SoundCloud has recently announced they have completed their 8-year-long migration journey using the Strangler pattern from a monolithic codebase to a fully-fledged Backend For Frontend (BFF), an architecture pattern pioneered by and at SoundCloud.
The announcement examines the SoundCloud team's steps to have a successful migration, the learnings from the migration journey, and the benefits and risks of the Strangler pattern.
The motivation for SoundCloud to adopt the Strangler pattern dates back to 2014, when they noticed their Rails application did not perform well when interacting with multiple microservices to serve user traffic. Therefore, the public API Strangler BFF was introduced, where it would intercept and augment the public API responses by calling additional services when necessary.
BFF Strangler pattern architecture diagram - source: BFF @ SoundCloud
This adoption of the Strangler pattern was more motivated by an immediate need rather than planning for a future free of the public API monolith. As a result, the Soundcloud team continued their microservice API development while leaving both the Strangler and the original monolith largely unmaintained. As a result, a slew of unwanted issues happened over time, code duplication, inconsistent API behaviors, and security risks. Motivated to address the situation, the SoundCloud team began the migration of the Strangler to a fully-fledged BFF in January 2020.
Evolution of BFF Public API - source: SoundCloud Developer Blog
In order to understand the scope of all the migration work, the SoundCloud team added telemetry to understand which endpoints were still in use. Then, explicitly declaring all known public API routes in the Strangler codebase. For any undeclared routes, a fallback to call the public API was added. Furthermore, the fallback was removed once the SoundCloud team was confident that they had identified all the routes. Any routes that were not in use and weren't documented on the developer portal are removed. Finally, knowing all the endpoints that need to be ported, each will be migrated to call the existing microservices instead of the public API.
The SoundCloud team deploys the ported implementation alongside the old code that proxies to the public API to reduce and avoid any unwanted breaking changes to the public API. Incoming requests execute both code paths — the old (using the proxy) and the new code. The response of the proxy's call to the public API gets returned to the caller. At the same time, the responses of the proxy and the new code are compared for consistency. If the responses of the old and new code don't match, a telemetry event is triggered and the difference is logged for inspection by the developer. The developer may then need to make some changes to the ported implementation until they are confident that the new code matches the original functionality. At this point, the proxy can be removed, and the ported response gets returned.
The Strangler is now a fully-fledged BFF, and the public API's entire codebase has been deleted.
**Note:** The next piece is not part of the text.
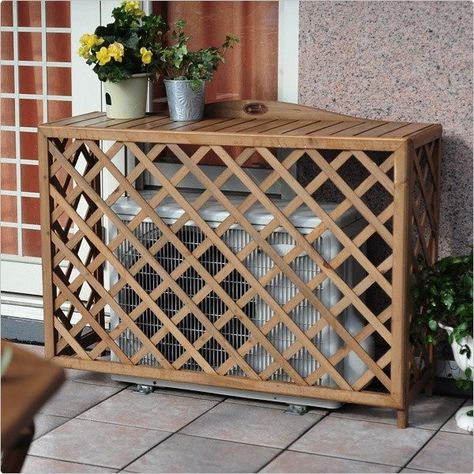 Outdoor Unit Cover, Air Conditioner Screen, Air Conditioner Cover Outdoor, Small Balcony Ideas Apartment Diy, Balcony Ideas Apartment Diy, Dream Backyard Garden, Air Conditioner Covers, Air Conditioner Cover, Balcony Ideas Indian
As a result, SoundCloud now has a codebase that most engineers can contribute to, that does not negatively impact project scope, that fits with our microservice architecture, and that helps ensure data consistency and security.
The Strangler pattern did come with significant risks. The SoundCloud team suffered from a long fallow period with very little maintenance and plans for the public API that caused an unhealthy codebase, increased security risks, and added complexity for feature development. Ultimately, when deciding whether or not to adopt the Strangler pattern, one should consider whether such disruptions to the business outweigh the ultimate benefits of the work.